This page explains what soundscript means by “sound,” in plain English.

In plain English, “sound” means checked code is not allowed to pretend something is safe when the runtime has not actually proved it.

soundscript is not trying to prove “all of TypeScript is sound.” It creates a smaller contract for .sts files inside the existing JS/TS ecosystem.

The core claim

When code is authored in .sts, the goal is a soundly typed language. If a codebase is fully soundscript and the checker accepts an unsound program, that is a bug in soundscript.

In practice that means .sts removes whole families of type-system shortcuts that TypeScript still allows:

  • any
  • unchecked assertions
  • non-null assertions
  • truthiness-based control flow
  • implicit trust of foreign imports
  • arbitrary thrown values

That does not mean the module becomes independent from JavaScript reality. It means the checked surface is smaller, stricter, and explicit about where trust enters the system.

This is not a “safer if you are lucky” claim. In a codebase that stays fully inside .sts, soundness is the goal. If that goal fails, the language is wrong, not the user.

Why .sts exists

soundscript uses a second file type because it is trying to solve two problems at once:

  1. give authors stronger guarantees where they want them
  2. avoid forcing a whole-repo rewrite to get those guarantees

That split keeps the adoption story clear in code review:

  • .ts means ordinary TypeScript rules
  • .sts means stricter checked rules

Boundaries are part of the model

If an .sts file imports regular TypeScript or JavaScript, the source must say so:

// #[interop]
import { readConfig } from "./legacy.ts";

That annotation is not decorative. It does real work:

  • checked local code is stricter
  • foreign code is still usable
  • the boundary to unchecked code is visible instead of implicit

Validation replaces escape hatches

In plain TypeScript, it is common to use as or ! when a developer believes a value is safe.

soundscript pushes that belief into control flow instead:

const raw = JSON.parse(input);

if (
typeof raw === "object" &&
raw !== null &&
"userId" in raw &&
typeof raw.userId === "string"
) {
return raw.userId;
}

throw new Error("Invalid payload.");

That is more verbose than raw as Payload, but it is also the behavior the runtime can actually defend.

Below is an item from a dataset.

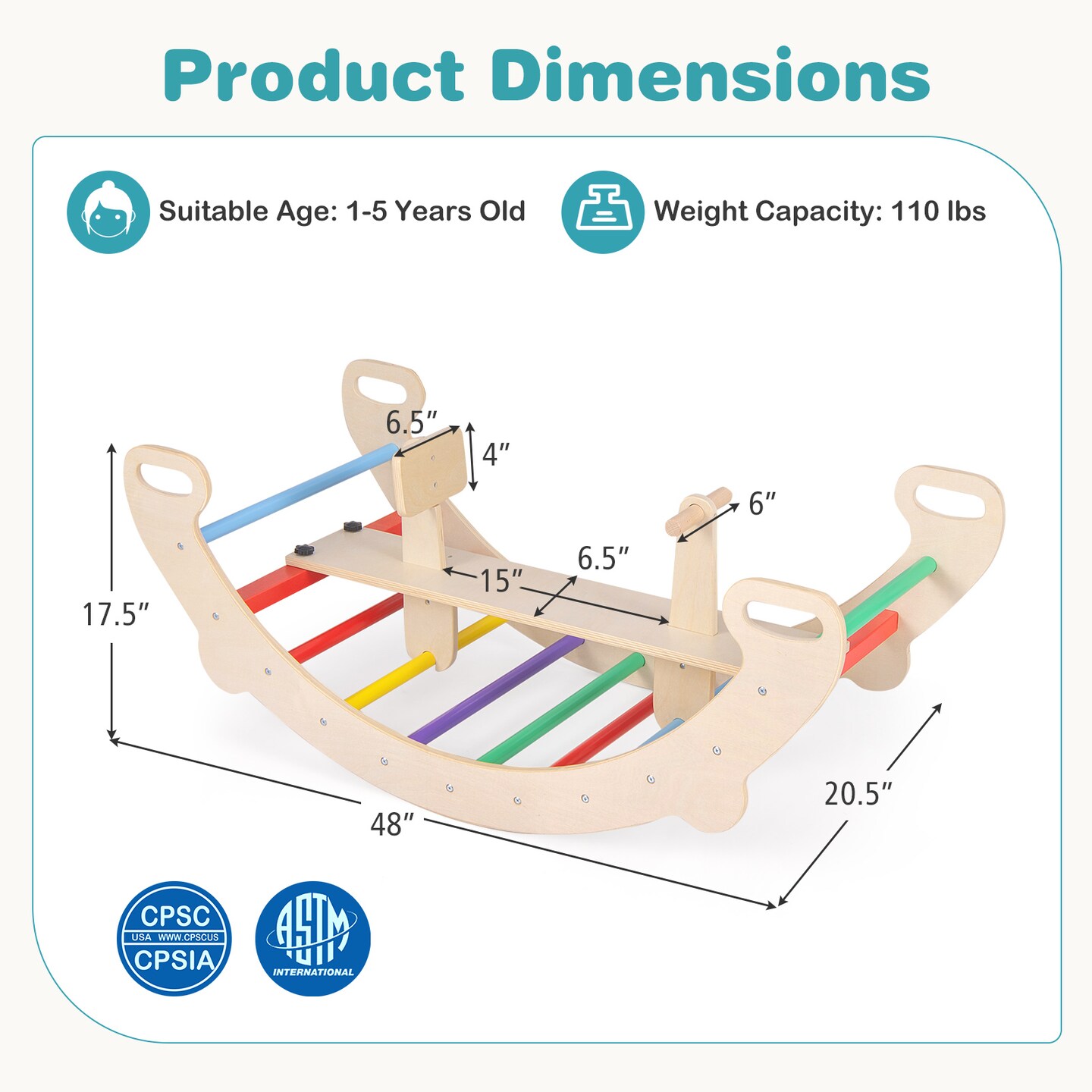 4-in-1 Multifunctional Wooden Climbing Toys with Rocker and Crawling Tunnel - 48" x 20.5" x 17.5" (L x W x H)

What soundscript does not claim

soundscript is still running on the same platform:

  • null and undefined still exist
  • foreign code can still throw arbitrary values
  • host number still behaves like JavaScript number
  • .sts code can still depend on regular code, but only through explicit boundaries

This is why the project is best described as a stricter TypeScript subset, not a separate runtime.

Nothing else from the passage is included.